FLUX POWER HOLDINGS, INC. (OTCMKTS:FLUX) Files An 8-K Entry into a Material Definitive Agreement
Item 1.01
Effective as of July 27, 2020, Flux Power, Inc. (“Flux”), a wholly-owned subsidiary of Flux Power Holdings, Inc. (the “Registrant”), and Cleveland Capital, L.P. (“Cleveland”), a holder of the Unsecured Promissory Note issued on July 3, 2019 (“Original Note”), as amended by that (i) certain First Amendment to the Unsecured Promissory Note dated September 1, 2019 (“First Amendment”), (ii) certain Second Amendment to the Unsecured Promissory Note dated December 3, 2019 (“Second Amendment”), (iii) that certain Third Amendment to the Unsecured Promissory Note dated December 31, 2019 (“Third Amendment”), (iv) that certain Fourth Amendment to the Unsecured Promissory Note dated March 31, 2020 (“Fourth Amendment”), (v) that certain Fifth Amendment to the Unsecured Promissory Note dated April 30, 2020 (“Fifth Amendment”), (vi) that certain Sixth Amendment to the Unsecured Promissory Note dated May 29, 2020 (the “Sixth Amendment”), and (vii) that certain Seventh Amendment to the Unsecured Promissory Note dated June 30, 2020 (the “Seventh Amendment” and together with the Original Note, the First Amendment, the Second Amendment, the Third Amendment, the Fourth Amendment, the Fifth Amendment, and the Sixth Amendment, the “Amended Note”), executed the Eighth Amendment to the Unsecured Promissory Note (“Eighth Amendment”) which (a) extends the maturity date of the Amended Note to August 31, 2020, and (b) capitalized all accrued and unpaid interest to the principal amount. The Amended Note was issued to that certain Loan Agreement dated July 3, 2019, by and among Flux, the Registrant and Cleveland.
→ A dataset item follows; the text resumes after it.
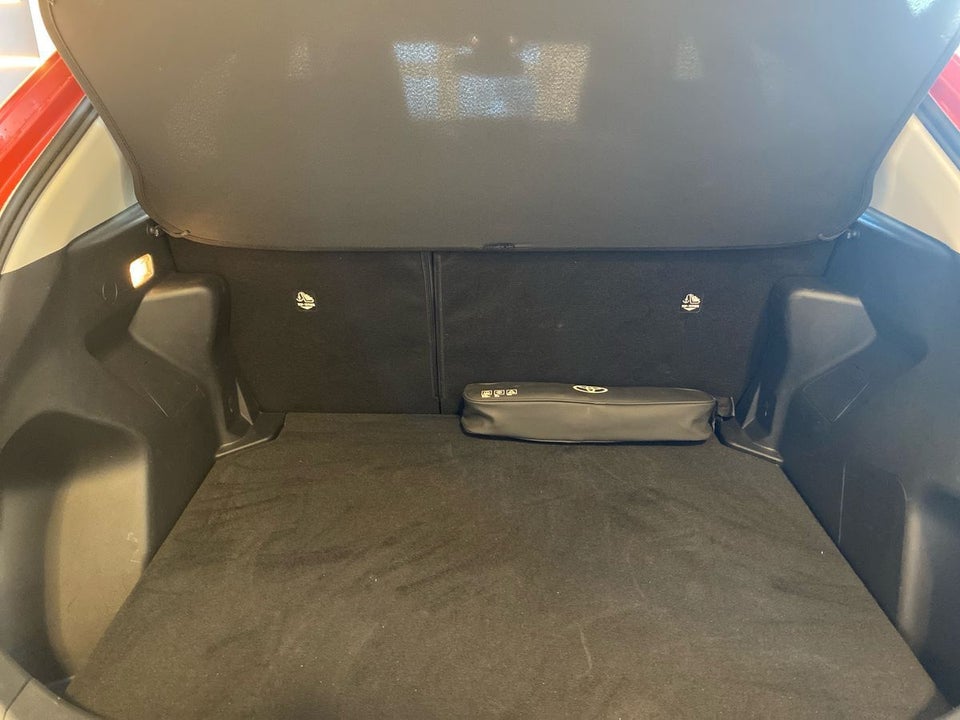 Toyota Yaris Cross 1,5 Hybrid Active Tech e-CVT 5d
Cleveland is also a party to that certain Second Amended and Restated Credit Facility Agreement dated October 10, 2019, with Flux, to which Cleveland and other lenders have agreed to provide Flux with a line of credit for up to $12,000,000 (“LOC”). In connection with the LOC, Flux issued a secured promissory note to Cleveland and became a party to that certain Amended and Restated Security Agreement, as amended, with Cleveland and other lenders under the LOC.
This summary of the Eighth Amendment does not purport to be complete and is qualified in its entirety by the terms and conditions of the Eighth Amendment, a copy of which is filed as Exhibit 10.1 hereto and incorporated herein by reference.
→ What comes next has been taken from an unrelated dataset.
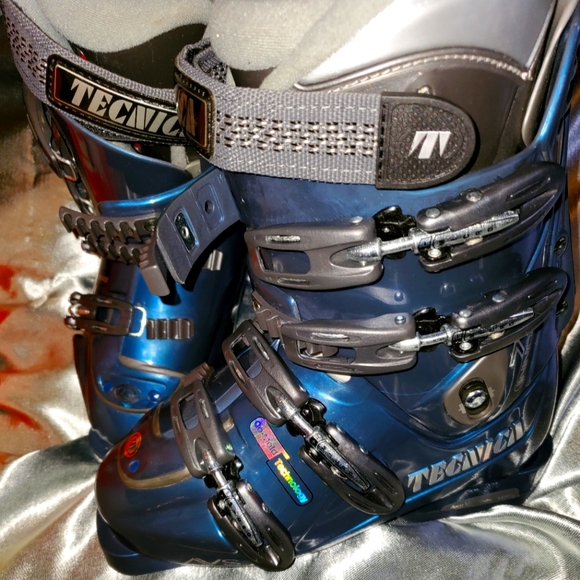 Tecnica 7X Innotec Blue Ski Boots - 293mm Size 6.5 Anti-Vibration System - Picture 3 of 16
The information disclosed in Item 1.01 of this Current Report on Form 8-K is incorporated by reference into this Item 2.03.
(a) In connection with the private placement offering of up to 2,000,000 share of Registrant’s Common Stock, on July 24, 2020 the Registrant completed its second and final closing to which it sold 800,000 shares of Common Stock (the “Shares”) to twenty (20) accredited investors at $4.00 per share of Common Stock, for an aggregate purchase price of $3,200,000 (the “Offering”). The purchase price was paid in cash. Mr. Cosentino, the Registrant’s director, participated in the Offering in the amount of $250,000.
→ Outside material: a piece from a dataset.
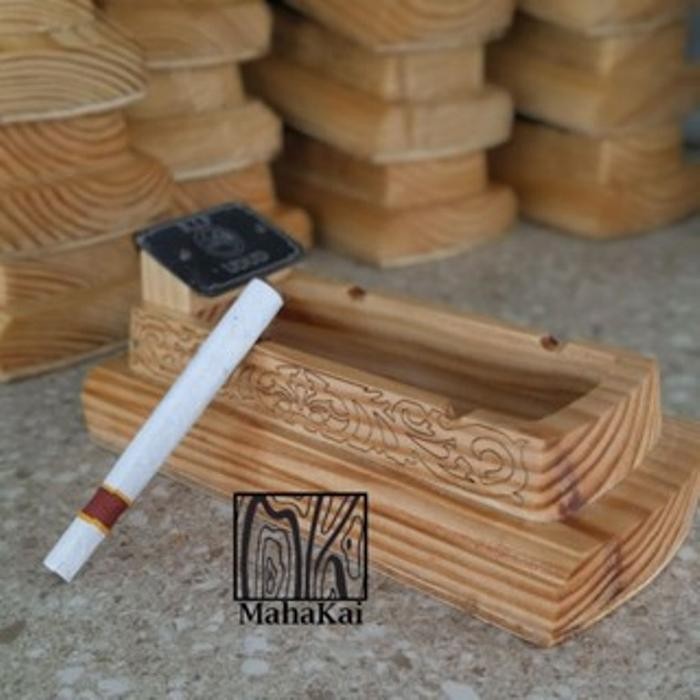 Asbak kuburan kayu gambar ukir ukiran unik ash tray hadiah souvenir - Krem Pinus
(b) In connection with Amended Note which was further amended by Eighth Amendment, the Registrant previously issued Cleveland an Amended and Restated Warrant (“Warrant”) to purchase a number of common stock for a number of shares equal to 1.0% of the number of shares of common stock outstanding after giving effect to the total number of shares of common stock sold in a subsequent offering, based on the exercise price equal to the per share offering price in such offering. Such offering concluded on July 24, 2020, and as a result the term of the Warrant commenced on July 24, 2020. In addition, the Warrant became exercisable for 83,205 shares of Common Stock at an exercise price of $4.00 per share (the “Warrant Shares”) to the terms set forth therein.
The Shares, Warrant and Warrant Shares (the “Securities”) offered and sold in the Offering have not been registered under the Securities Act of 1933, as amended (“Securities Act”), and may not be offered or sold in the United States absent registration or an applicable exemption from the registration requirements of the Securities Act. The Securities were offered and sold to the accredited investors in reliance upon exemptions from registration to Rule 506(b) of Regulation D promulgated under Section 4(a)(2) under the Securities Act.